* **Action item**
Restate the listing below word for word. No picture belongs in the result.

* **Source material**
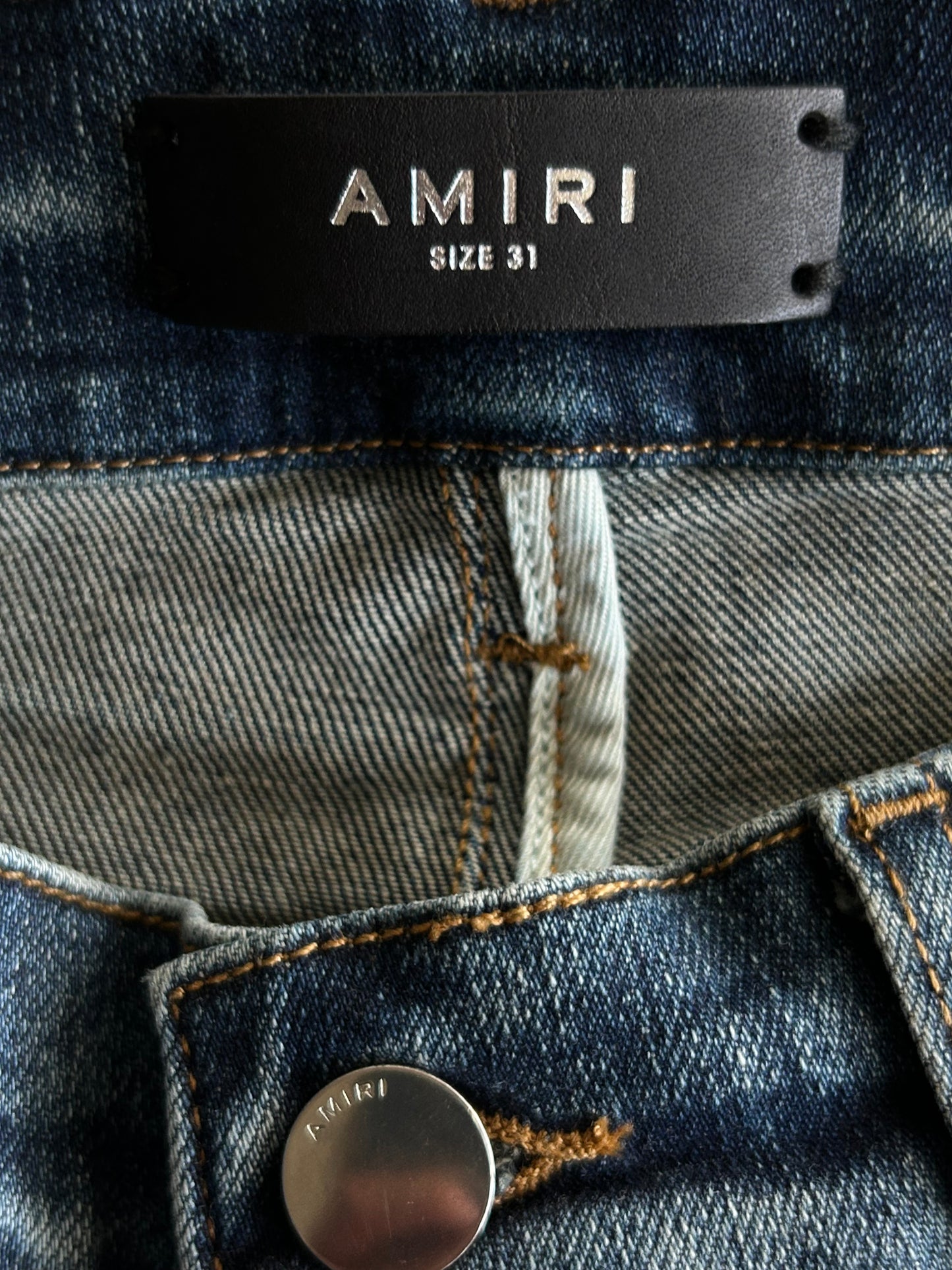 Amiri Dark Indigo & Black Patch MX1 Jeans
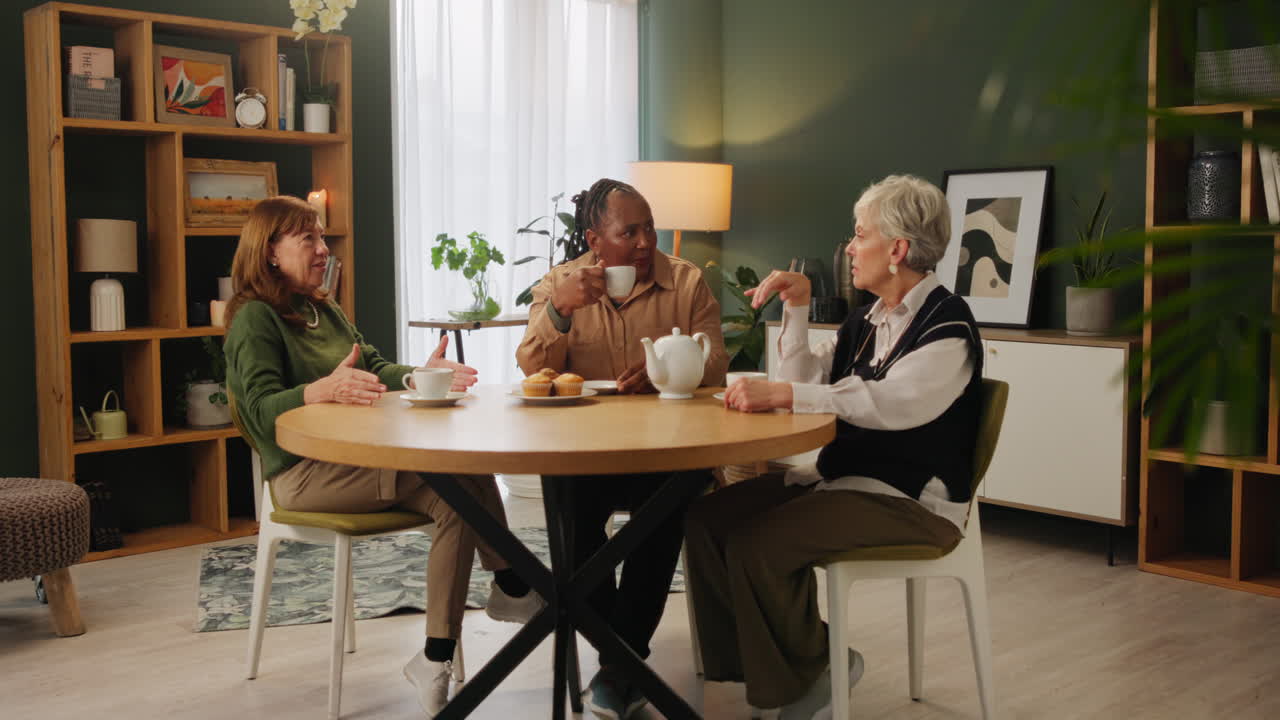Senior Women Having Tea Together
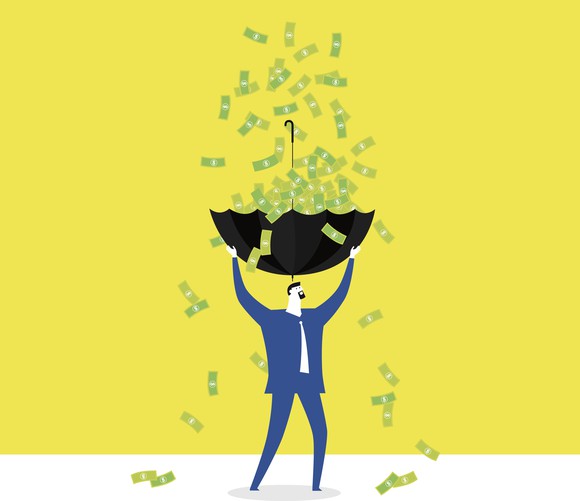 Raining money.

* **Exercise output**
 Amiri Dark Indigo & Black Patch MX1 Jeans
Senior Women Having Tea Together
 Raining money.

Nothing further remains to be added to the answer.